Stored entries:

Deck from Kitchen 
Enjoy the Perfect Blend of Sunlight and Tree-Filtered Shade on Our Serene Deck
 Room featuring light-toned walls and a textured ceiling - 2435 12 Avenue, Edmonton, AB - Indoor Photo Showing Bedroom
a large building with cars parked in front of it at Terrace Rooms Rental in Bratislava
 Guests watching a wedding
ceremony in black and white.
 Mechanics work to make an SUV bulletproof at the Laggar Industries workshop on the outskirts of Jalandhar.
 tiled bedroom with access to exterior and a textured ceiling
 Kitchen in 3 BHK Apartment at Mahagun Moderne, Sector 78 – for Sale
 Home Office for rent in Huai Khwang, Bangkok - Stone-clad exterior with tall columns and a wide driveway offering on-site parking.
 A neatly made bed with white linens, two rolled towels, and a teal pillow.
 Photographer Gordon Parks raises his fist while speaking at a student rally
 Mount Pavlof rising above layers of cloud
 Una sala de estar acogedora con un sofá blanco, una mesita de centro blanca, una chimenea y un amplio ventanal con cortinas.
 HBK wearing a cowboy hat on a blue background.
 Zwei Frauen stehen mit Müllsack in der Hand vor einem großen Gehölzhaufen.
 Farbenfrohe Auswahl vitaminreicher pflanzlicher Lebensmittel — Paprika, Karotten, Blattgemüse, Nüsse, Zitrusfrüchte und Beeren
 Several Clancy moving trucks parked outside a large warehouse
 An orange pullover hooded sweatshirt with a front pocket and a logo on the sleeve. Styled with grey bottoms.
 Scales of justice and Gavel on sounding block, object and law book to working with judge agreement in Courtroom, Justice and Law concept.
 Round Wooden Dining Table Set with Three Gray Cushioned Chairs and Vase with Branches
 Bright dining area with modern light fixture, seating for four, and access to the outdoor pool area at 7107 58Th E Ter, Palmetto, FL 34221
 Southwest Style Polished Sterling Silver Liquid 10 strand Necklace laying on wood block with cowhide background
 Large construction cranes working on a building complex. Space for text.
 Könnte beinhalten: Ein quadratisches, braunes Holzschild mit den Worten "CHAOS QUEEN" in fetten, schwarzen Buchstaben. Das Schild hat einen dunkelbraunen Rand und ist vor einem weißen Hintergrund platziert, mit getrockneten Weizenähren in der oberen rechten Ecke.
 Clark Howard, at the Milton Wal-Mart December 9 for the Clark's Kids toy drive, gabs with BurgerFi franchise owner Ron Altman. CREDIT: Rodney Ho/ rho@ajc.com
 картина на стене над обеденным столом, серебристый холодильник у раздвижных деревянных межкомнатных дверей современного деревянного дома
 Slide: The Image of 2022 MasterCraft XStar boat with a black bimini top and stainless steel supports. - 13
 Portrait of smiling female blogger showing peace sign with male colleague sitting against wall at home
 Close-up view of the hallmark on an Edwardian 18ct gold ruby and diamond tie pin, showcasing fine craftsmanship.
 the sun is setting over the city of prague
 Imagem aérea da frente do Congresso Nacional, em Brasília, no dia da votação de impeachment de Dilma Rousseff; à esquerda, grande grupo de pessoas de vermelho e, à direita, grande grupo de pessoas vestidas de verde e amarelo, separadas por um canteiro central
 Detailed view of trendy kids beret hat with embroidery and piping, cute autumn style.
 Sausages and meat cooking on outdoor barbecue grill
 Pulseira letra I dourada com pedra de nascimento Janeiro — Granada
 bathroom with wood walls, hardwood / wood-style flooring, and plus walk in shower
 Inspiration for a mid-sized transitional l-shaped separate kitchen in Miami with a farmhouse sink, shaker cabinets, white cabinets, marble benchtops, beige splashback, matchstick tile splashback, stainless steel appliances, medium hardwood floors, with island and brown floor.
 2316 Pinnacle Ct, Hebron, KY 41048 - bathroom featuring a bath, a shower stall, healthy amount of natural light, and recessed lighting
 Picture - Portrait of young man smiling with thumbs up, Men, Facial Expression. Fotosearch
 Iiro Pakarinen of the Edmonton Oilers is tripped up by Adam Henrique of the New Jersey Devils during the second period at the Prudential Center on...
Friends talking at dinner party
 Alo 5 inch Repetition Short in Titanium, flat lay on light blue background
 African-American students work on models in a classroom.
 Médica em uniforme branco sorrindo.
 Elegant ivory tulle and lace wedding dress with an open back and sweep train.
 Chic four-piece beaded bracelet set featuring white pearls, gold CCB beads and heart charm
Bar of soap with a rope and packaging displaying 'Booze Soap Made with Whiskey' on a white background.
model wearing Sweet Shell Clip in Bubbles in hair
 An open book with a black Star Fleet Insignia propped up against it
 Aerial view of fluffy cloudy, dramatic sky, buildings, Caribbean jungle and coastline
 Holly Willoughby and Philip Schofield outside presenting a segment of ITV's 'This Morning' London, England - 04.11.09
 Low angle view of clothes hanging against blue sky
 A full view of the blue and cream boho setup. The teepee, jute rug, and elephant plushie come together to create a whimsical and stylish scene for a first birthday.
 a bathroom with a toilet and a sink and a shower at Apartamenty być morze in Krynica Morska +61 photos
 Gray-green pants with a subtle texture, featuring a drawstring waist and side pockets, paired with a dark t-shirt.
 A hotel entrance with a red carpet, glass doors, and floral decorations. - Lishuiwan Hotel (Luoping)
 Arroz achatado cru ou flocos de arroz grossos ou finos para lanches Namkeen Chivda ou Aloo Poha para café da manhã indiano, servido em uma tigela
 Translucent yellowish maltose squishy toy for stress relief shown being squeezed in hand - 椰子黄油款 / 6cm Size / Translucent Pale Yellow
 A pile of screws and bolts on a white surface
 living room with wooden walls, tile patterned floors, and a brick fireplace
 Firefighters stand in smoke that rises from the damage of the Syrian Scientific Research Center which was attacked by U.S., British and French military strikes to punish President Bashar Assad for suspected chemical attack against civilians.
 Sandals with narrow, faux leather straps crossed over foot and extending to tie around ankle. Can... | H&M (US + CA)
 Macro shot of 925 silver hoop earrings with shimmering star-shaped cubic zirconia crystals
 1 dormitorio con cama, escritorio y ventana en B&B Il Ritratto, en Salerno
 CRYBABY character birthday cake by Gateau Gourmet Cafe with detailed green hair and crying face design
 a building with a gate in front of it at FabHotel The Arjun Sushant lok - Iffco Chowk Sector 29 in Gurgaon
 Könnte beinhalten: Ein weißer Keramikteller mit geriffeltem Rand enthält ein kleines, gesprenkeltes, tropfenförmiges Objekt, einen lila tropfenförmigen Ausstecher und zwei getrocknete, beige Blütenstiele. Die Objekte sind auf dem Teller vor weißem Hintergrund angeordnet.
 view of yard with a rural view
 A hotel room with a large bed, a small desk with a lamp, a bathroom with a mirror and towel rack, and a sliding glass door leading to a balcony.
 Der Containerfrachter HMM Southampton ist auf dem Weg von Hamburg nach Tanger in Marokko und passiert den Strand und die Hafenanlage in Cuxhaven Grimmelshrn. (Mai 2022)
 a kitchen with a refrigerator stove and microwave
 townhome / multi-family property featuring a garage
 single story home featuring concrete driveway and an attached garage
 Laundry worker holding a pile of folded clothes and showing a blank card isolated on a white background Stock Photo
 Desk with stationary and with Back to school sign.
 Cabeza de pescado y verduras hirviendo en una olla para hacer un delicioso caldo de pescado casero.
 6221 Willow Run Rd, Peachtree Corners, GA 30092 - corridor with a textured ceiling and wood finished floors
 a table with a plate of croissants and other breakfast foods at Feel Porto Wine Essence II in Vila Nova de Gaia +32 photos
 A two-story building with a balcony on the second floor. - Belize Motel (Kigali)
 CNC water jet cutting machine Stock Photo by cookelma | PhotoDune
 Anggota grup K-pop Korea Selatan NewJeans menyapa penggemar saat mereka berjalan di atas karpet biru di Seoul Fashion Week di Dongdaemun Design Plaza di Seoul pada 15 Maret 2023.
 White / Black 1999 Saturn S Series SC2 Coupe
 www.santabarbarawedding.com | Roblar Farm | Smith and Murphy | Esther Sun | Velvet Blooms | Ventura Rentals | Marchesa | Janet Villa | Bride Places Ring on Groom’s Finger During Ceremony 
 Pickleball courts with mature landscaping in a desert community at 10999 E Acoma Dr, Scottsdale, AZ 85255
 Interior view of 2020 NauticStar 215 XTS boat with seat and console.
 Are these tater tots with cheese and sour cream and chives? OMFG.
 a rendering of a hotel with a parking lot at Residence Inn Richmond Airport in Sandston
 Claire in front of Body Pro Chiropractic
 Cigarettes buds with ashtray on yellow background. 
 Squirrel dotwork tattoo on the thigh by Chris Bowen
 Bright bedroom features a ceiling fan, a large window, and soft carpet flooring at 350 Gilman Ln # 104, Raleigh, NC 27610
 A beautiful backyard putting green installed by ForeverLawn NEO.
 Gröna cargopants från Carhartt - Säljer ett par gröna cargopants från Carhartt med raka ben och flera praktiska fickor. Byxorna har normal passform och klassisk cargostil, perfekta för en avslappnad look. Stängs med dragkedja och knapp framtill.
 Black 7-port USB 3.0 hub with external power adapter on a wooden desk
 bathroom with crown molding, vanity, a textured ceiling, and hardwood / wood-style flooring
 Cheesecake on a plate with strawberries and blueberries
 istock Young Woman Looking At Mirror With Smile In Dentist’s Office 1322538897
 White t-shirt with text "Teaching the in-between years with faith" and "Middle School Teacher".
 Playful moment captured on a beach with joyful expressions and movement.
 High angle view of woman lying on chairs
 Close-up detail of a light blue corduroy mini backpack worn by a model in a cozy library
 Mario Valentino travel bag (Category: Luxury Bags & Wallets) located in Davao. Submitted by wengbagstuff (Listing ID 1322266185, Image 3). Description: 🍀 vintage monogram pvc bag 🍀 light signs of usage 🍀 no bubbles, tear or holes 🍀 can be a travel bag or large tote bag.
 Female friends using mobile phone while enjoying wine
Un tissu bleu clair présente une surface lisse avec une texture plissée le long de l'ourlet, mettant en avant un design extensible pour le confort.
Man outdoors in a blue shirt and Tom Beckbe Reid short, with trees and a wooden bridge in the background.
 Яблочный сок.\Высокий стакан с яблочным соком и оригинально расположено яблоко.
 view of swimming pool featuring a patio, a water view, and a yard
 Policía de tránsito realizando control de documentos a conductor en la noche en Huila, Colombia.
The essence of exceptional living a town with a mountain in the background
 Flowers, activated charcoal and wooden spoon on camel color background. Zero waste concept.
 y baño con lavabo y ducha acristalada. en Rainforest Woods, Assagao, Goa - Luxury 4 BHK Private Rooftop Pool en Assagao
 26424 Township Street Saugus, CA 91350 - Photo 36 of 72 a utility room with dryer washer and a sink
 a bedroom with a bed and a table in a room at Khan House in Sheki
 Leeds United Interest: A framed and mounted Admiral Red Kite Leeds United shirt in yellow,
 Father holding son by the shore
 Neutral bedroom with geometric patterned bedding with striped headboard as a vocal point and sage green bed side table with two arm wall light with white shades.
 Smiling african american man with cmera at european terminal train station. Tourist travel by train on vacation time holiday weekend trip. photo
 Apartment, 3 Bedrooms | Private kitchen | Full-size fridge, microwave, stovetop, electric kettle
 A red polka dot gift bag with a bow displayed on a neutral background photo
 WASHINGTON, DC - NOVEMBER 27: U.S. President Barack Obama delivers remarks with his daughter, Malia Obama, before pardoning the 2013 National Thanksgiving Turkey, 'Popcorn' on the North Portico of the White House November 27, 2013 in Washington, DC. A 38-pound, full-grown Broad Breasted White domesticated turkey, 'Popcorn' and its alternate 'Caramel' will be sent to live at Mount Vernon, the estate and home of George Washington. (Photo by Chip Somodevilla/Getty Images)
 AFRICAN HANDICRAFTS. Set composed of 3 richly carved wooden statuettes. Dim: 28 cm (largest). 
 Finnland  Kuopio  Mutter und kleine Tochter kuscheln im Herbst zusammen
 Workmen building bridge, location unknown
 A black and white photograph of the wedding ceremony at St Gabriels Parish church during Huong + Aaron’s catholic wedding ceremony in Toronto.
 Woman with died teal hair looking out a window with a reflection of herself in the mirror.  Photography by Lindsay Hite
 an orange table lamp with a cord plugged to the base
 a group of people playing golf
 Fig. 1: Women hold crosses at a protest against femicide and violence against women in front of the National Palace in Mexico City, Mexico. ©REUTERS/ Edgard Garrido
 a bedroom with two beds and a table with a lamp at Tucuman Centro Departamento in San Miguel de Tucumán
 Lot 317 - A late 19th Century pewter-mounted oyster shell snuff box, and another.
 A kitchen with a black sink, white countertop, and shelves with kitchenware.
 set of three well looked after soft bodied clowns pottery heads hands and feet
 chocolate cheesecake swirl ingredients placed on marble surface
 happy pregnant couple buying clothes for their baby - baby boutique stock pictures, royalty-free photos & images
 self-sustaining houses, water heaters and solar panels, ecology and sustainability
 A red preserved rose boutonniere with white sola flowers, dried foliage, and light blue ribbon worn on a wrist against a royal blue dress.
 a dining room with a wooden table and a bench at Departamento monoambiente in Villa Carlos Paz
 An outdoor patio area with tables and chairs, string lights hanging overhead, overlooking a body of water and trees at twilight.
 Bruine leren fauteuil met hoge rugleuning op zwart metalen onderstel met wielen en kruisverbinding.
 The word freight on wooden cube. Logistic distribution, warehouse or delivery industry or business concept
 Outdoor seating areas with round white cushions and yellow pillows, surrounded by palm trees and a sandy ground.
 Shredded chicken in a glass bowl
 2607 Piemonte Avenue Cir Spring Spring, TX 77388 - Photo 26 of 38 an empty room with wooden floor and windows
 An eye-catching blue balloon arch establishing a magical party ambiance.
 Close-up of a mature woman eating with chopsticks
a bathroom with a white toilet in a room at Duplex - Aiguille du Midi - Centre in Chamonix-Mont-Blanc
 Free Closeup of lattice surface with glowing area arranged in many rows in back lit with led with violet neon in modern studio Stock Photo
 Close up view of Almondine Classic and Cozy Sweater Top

Aim of the exercise: Scanning the data above, copy out every line where "block" is found.

Result of the exercise:
 Scales of justice and Gavel on sounding block, object and law book to working with judge agreement in Courtroom, Justice and Law concept.
 Southwest Style Polished Sterling Silver Liquid 10 strand Necklace laying on wood block with cowhide background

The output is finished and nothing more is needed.